• Aucun résultat trouvé

Qualification et Organisation Spatiale Dynamiques de l'habiter d'Annie

Présentation de cas : quelques constructions de l’habiter

Chorème 2. Qualification et Organisation Spatiale Dynamiques de l'habiter d'Annie

Nous avons voulu représenter dans le chorème de l’habiter d’Annie toute la dynamique des polarités entre des lieux très fortement qualifiés et des lieux dévalorisés. La Rue Marceau est une polarité négative qui ne constitue pas un territoire dans l’enfance d’Annie par la difficulté à trouver une place dans son foyer. Le mouvement centrifuge qui est indiqué montre sa volonté à construire un territoire en dehors de cette polarité négative, c'est-à-dire dans les lieux de vacances ou de la scolarité, qui sont les seuls à être qualifiés positivement. Ce pôle de la rue Marceau est associé dans une même période avec la polarité positive de la région Nantaise comme un négatif de cette spatialité tourangelle. La polarité de Nantes constitue à l’inverse un territoire où elle pratique de nombreux lieux, c’est un territoire familial possible qu’elle ne peut créer à Tours.

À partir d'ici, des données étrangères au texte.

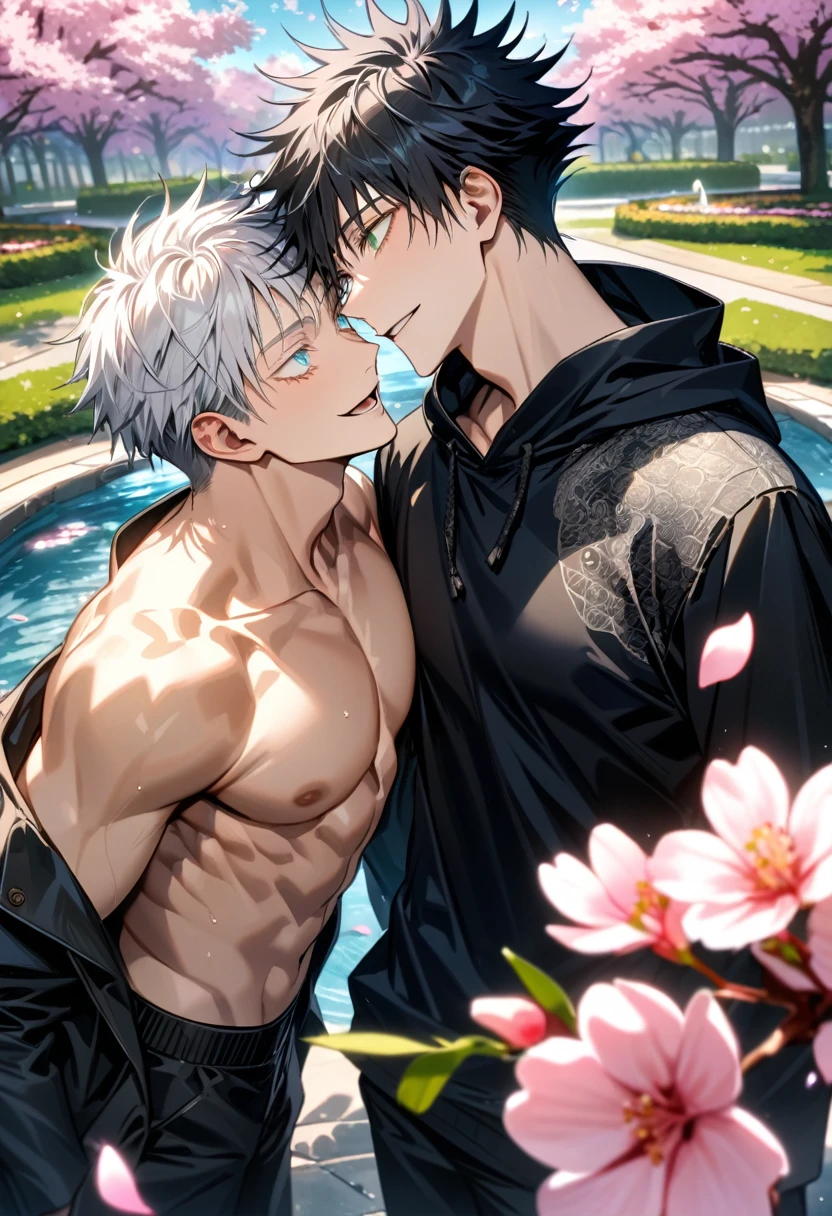 Ultra detailed, Highres, absurdres, HDR, Fushiguro Megumi, black hair, expressive green eyes, Gojo Satoru, white hair with bangs, white eyelashes, expressive blue eyes, black long coat with patterns with a hoddie, Jujutsu Kaisen, pink flowers, petals, handsome, two sexy man together, gay couple, love, very detailed eyes and face, park, fountain, black pants, cherry blossoms, black tight t-shirt, master piece, happy, toned chest,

L’effet de mise à distance est subi par Annie, qui est « envoyée » chez sa grand-mère et qui décrit la difficulté d’être séparée de son père.

La seconde polarité négative est la place des Sables où Annie habite pendant 14 ans, mais où elle ne donnera que très peu de lieux fréquentés pouvant faire penser qu’elle y a créé un territoire. Cette polarité est négative, du fait de son histoire conjugale et familiale et, encore une fois, elle décrit un mouvement vers les lieux extérieurs, lieux de vacances fortement valorisés. La rupture sociale d’avec la Rue Marceau tient au fait qu’elle n’évoque plus, à partir de ce moment les personnages qui étaient associés à la période de l’enfance et de l’adolescence.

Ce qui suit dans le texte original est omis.